Monday, July 18, 2022

Disastrous JOW #1140

 One would think the world was being overwhelmed with disasters and catastrophes.  Of course, the world has ALWAYS had disasters, it is just that now, thanks to modern communications and hardworking journalists, we are able to see them all in our homes every night.  For some reason, these ‘emotion vampires’ think I am interested in the answer to, ‘How does losing your family in this tragic way make you feel?”   But there is always a spark of humor beneath the wreckage - one that probably ignites a fire the ultimately consumes the whole pile.  Still, disasters are my theme this week.  I hope you can see the humor in them.

 

Who is the only person who survives every disaster?

The network news camera man.

 

Most people’s disaster plans are to run around in circles shouting ‘what do we do?  What do we do?’

 

The US is having so many disasters and tragedies, you would almost think it was built on top of thousands of ancient Indian burial grounds.

 

All of the world's natural disaster met to decide which one was the worst.

Avalanche won by a landslide.

 

I got drunk and to impress a girl, I swallowed a bunch of scrabble tiles.

My next trip to the bathroom could spell disaster.

 

Experts are predicting a natural disaster so severe that only the rich and powerful will survive.

 

Of course, the wealthy can afford to have an underground bunker filled with essential supplies; they call it a ‘wine cellar’.

 

My relationship with the time traveling girl was a complete disaster.

It was over even before it began.

 

A ginger tomcat won overall best in the cat show. It was a cat-has-trophy.

 

Rumor has it there is a cult that worships Earth as a deity and sees earthquakes are messages from Mother Gaia.

It's called The Order of Magnitude.

 

Goya unsuccessfully tried to cover up a disaster at one of their factories

Someone spilled the beans.

 

Did you hear about the Binary disaster?  No One survived.

 

My idea of starting a professional Hide and Seek tournament was a total disaster.

Good players are hard to find.

 

Here are some non-disaster jokes.

 

A principal heard a teacher screaming in his class so he went to ask what was happening.
The teacher told him "I can't continue doing this anymore.  I am trying to teach them history but they seem completely ignorant.  Let me show you.” The teacher called on a student and asked him, "Who killed Abraham Lincoln."
The student was terrified, "I swear it wasn't me, I never even met him."
He turned to the principal and told him, "What do you think about that?"
The principal was shocked, "Are you sure the killer is in this class?"

>>>> 

I worked for the suicide hotline once, but it didn’t work out.
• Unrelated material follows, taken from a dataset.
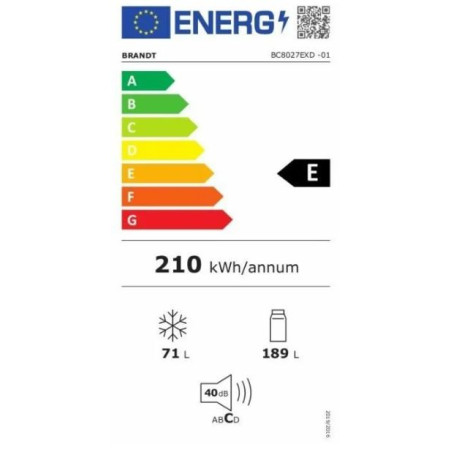 BRANDT BC8027EXD 262L 191L réfrigérateur 71L congélateur Distributeur d'eau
Five people called me on the first day, and they all killed themselves.
And three of those were wrong numbers.

^^^^

A man dies suddenly and shows up in heaven.  When he gets there, he sees an angel sitting down at a desk with a book. "What's your name, and how did you die?" The angel asks.

"Rick Thomson, and I fell down my stairs." the man replies.
The angel flips through the book and then looks back up to Rick. "It looks like it isn't your time to die just yet." the angel explains, "Shall I send you back?"

“Sure”’ Rick agrees.
Back on Earth, Rick finds himself fully healed at the bottom of the stairs. He takes a minute to compose himself before going outside to work, only to immediately get run over by a car.
"*Now* it's your time to die" The angel says.

___

My wife came home with an escalator yesterday…she said it was marked down…

+++

When I was in high school in the ’70s, my Dad said he’d just heard my favorite group on the radio, Carrying Grain. The band’s name was Hall & Oates

>>>> 

An actuary is flexible; they are either right, or can prove it to be so.

=====

When I got home, I realized I'd accidentally bought a thesaurus. As you can understand, I was pretty crushed... upset... disappointed... vexed... disconcerted.

<<<< 

An organization is like a tree full of monkeys, all on different limbs at different levels.
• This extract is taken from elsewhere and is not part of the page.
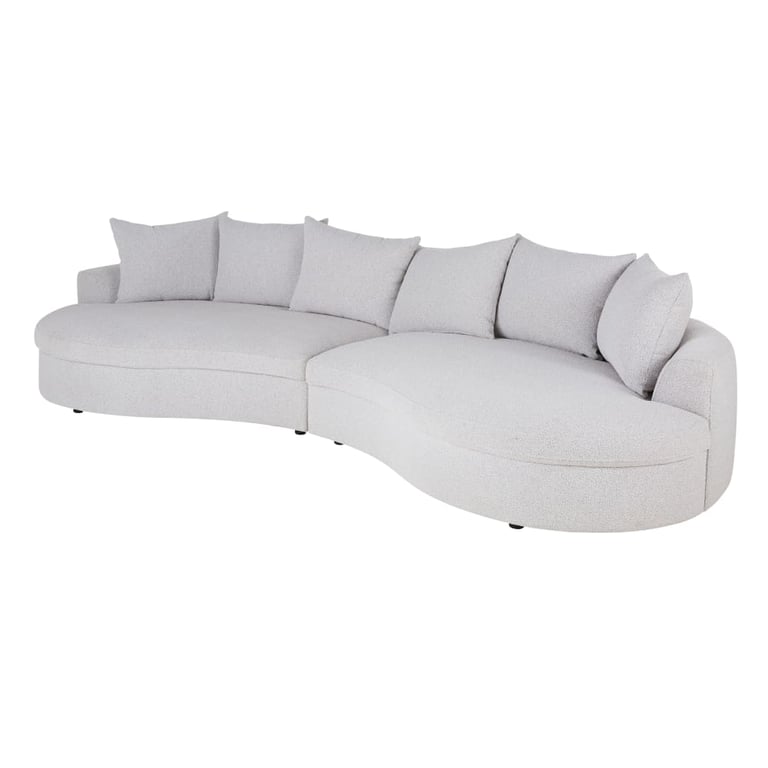 Seal - Canapé XL 6 places tissu bouclette gris - Vue supplémentaire 2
The monkeys on top look down and see a tree full of smiling faces. The monkeys on the bottom look up and see nothing but assholes.
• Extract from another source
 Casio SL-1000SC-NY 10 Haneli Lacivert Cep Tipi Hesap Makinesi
Finally, back to the disaster theme.

Never in his 40 years of life had he seen anything like it. How anyone could have survived he did not know. He could only hope that somewhere amid the overwhelming destruction he would find his 12-year-old son. Only the slim hope of finding Danny kept him from turning and fleeing the scene.
He took a deep breath and proceeded. Walking was virtually impossible with so many things strewn across his path. He moved ahead slowly. "Danny! Danny!" he called out. He tripped and almost fell several times.
He heard someone, or something, move. At least he thought he did. Perhaps, he was just hoping he did. He shook his head and felt his gut tighten. He couldn't understand how this could have happened. There was some light but not enough to see very much. Something cold and wet brushed against his hand. He jerked it away. In desperation, he took another step then cried out, "Danny!"
From a nearby pile of unidentified material, he heard his son. "Yes, Dad," he said, in a voice so weak it could hardly be heard.
"It's time to get up and get ready for school," the man sighed, "and, for heaven's sake, clean up this room."